7 Collaboration, authorship and data policies

7.1 Developing a Code of Conduct

Whether you are joining a lab group or establishing a new collaboration, articulating a set of shared agreements about how people in the group will treat each other will help create the conditions for successful collaboration. If agreements or a code of conduct do not yet exist, invite a conversation among all members to create them. Co-creation of a code of conduct will foster collaboration and engagement as a process in and of itself, and is important to ensure all voices heard such that your code of conduct represents the perspectives of your community. If a code of conduct already exists, and your community will be a long-acting collaboration, you might consider revising the code of conduct. Having your group ‘sign off’ on the code of conduct, whether revised or not, supports adoption of the principles.

When creating a code of conduct, consider both the behaviors you want to encourage and those that will not be tolerated. For example, the Openscapes code of conduct includes Be respectful, honest, inclusive, accommodating, appreciative, and open to learning from everyone else. Do not attack, demean, disrupt, harass, or threaten others or encourage such behavior.

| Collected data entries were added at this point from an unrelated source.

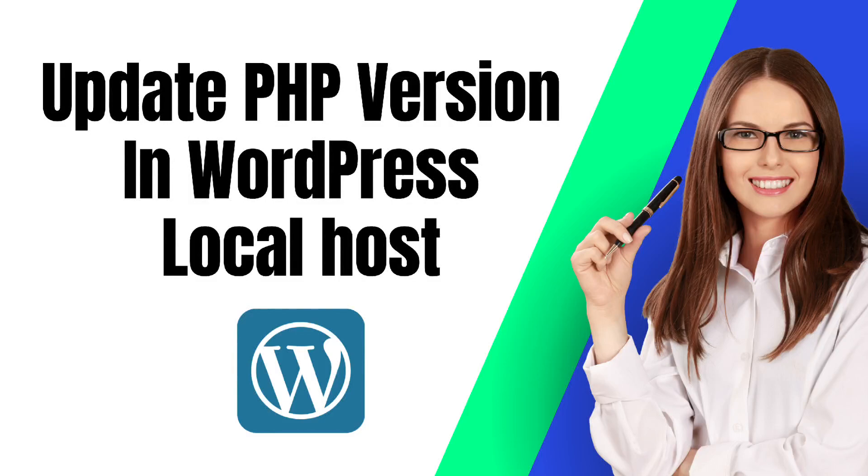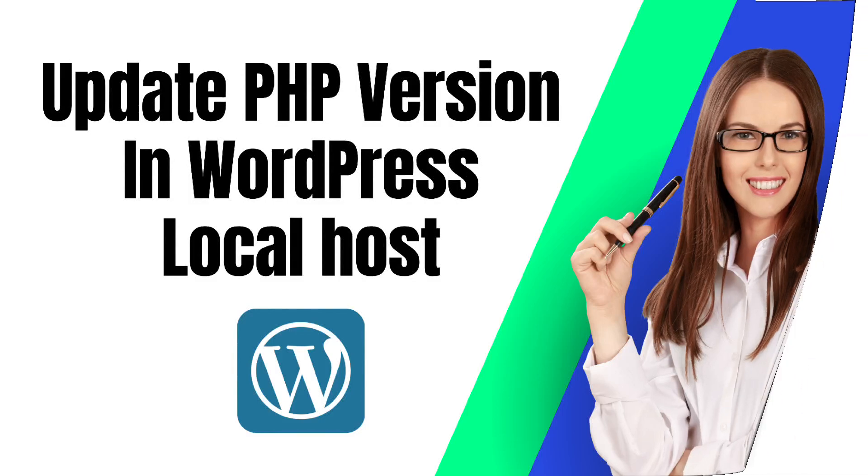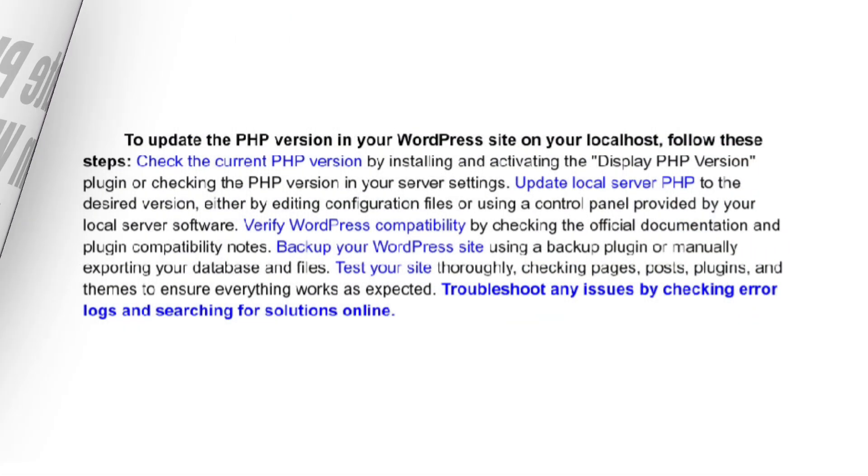How to Update PHP Version in WordPress Localhost. To update a PHP version in your WordPress site on your localhost, follow these steps.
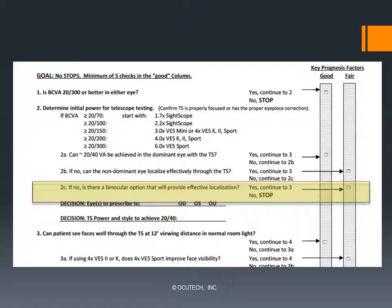Occasionally, when an individual's best vision is in the non-dominant eye, occluding the dominant eye while using a telescope may offer some functional benefit, but usually the ability to localize targets through the telescope will remain reduced. Prescribing a binocular device, however, may overcome this dominancy conflict. In order to provide at least a 10-degree field of view, binocular prescriptions are usually limited to no higher than 3x. So if a 3x or lower power telescope can provide 20/40 in either eye, a binocular prescription may be a promising option. In this case, check the 2c box in the fair column, record the telescope power for the binocular prescription at the bottom of section 2, and move on to question 3.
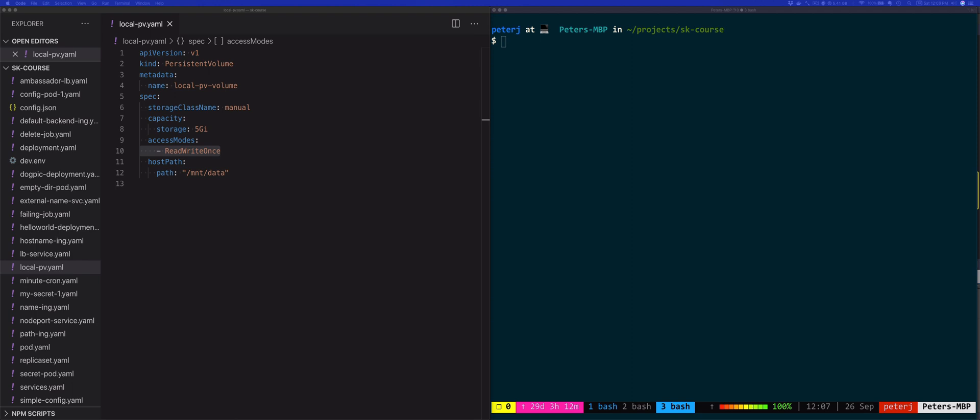One thing to note is that these access modes also depend on the volume plugin you've selected. For example, the hostPath plugin only supports the ReadWriteOnce access mode, and so does the Azure disk plugin. However, Azure File or GlusterFS and a couple of other plugins support all three access modes.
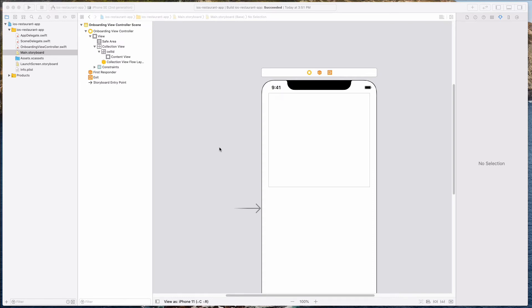Hey guys, how's it going? Welcome back. In this video, we want to add some components into our collection view cell.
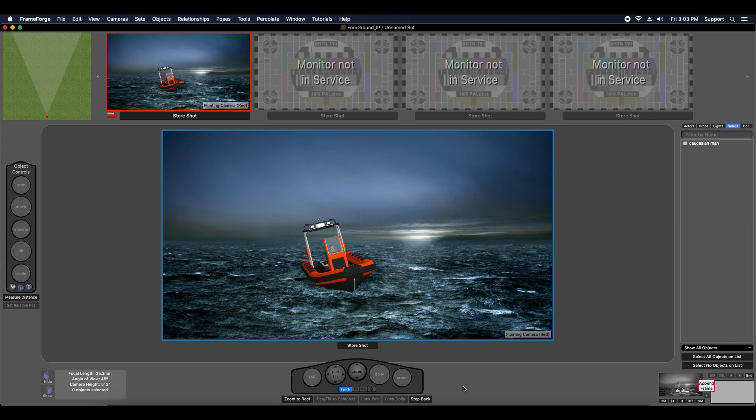Hi, this is Chris, and in my last video I talked about background image plates. In this video I'm going to talk about foreground image plates.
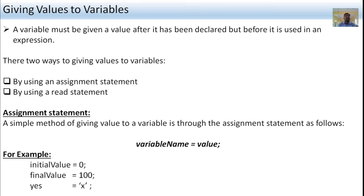The simple method of giving a value to a variable is through the assignment statement. The syntax is: variable_name = value; — where the equal sign is the assignment operator. Examples: initialValue = 0; finalValue = 100; s = 'x'; — these are examples of giving values to variables using the assignment statement, each ending with a semicolon.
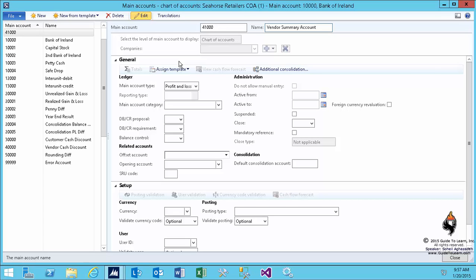It's considered an intermediary account where you keep calculating how much you owe a specific vendor, a group of vendors, or perhaps all vendors. For sake of demonstration and making it easier, I only make one vendor summary account.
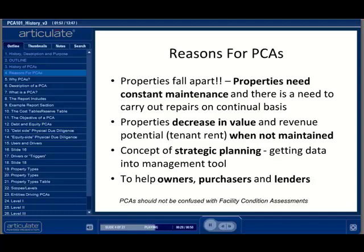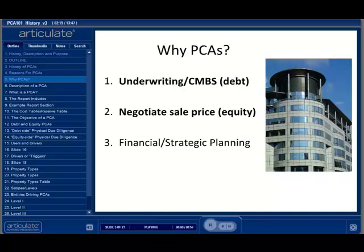Facility condition assessments have a different scope — they may involve going down to the detail of assessing doorknobs. FCAs are often performed on institutional buildings, such as colleges and schools. They should not be confused with PCAs. Over the last 20 years, a substantial number of PCAs have been done as part of the loan underwriting process. Lenders wanted to make sure that the cost to maintain a property would not put the loan at risk.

Below are other example codes of conduct:

7.2 Authorship and Credit Policies

Navigating issues of intellectual property and credit can be a challenge, particularly for early career researchers. Open communication is critical to avoiding misunderstandings and conflicts. Talk to your coauthors and collaborators about authorship, credit, and data sharing early and often. This is particularly important when working with new collaborators and across lab groups or disciplines which may have divergent views on authorship and data sharing. If you feel uncomfortable talking about issues surrounding credit or intellectual property, seek the advice or assistance of a mentor to support you in having these important conversations.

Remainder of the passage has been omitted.